Comme si parler politique était plus noble que parler littérature, donnait un statut plus important, était plus sérieux.

N’importe qui ouvrant sa gueule sur un blog politique, sans rien connaître au sujet mais gueulant fort avec provocation, était rapidement cité dans différents médias.

En revanche, la sphère créatrice reste dans l’ombre.

Ce qui est intéressant dans la blogosphère, ce n’est pas versac. Il faut chercher et encourager les auteurs, alors qu’on cite trop les simples commentateurs de l’actualité.

Renversons les hiérarchies. Ramenons l’actualité politique à ce qu’elle est : peu de chose.

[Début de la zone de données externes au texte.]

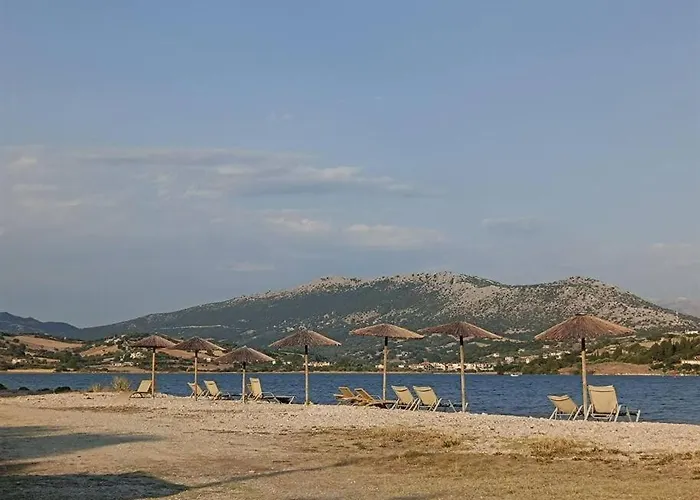 Meltheane * Lygia (Lefkada)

Cherchons à créer un contenu qui tienne la distance, qui ne soit pas périmé en 48 heures.

J @ 2010-01-29 23:30:16

’’Cherchons à créer un contenu qui tienne la distance, qui ne soit pas périmé en 48 heures.’’’

Vas y triple0politique, lance toi… :)

000 @ 2010-01-29 23:57:27

@ Nazareth

Tu es toujours là, toi ? :-)

J @ 2010-01-30 00:19:09

très peu…

sabineblanc @ 2010-01-30 12:13:45

Blogging manifesto http://bit.ly/d1T7sx /via @crouzet

orangemecanik @ 2010-01-31 15:59:32

Blogging manifesto 1.0 http://minu.me/1mqk via Le peuple des connecteurs

quim roig @ 2010-02-02 15:49:24

interessant: "Blogging manifesto 1.0" ( http://bit.ly/coTeCm )

rimbus @ 2010-02-09 01:01:26

Salut Thierry, je suis bien flatté d’être choisi comme référence par un Blogueur (avec un grand B).

Je n’ai rien à dire sur le point 1. Les autres points sont évidemment discutables. (désolé de réagir si tard, mais je suis en low-bloging en ce moment).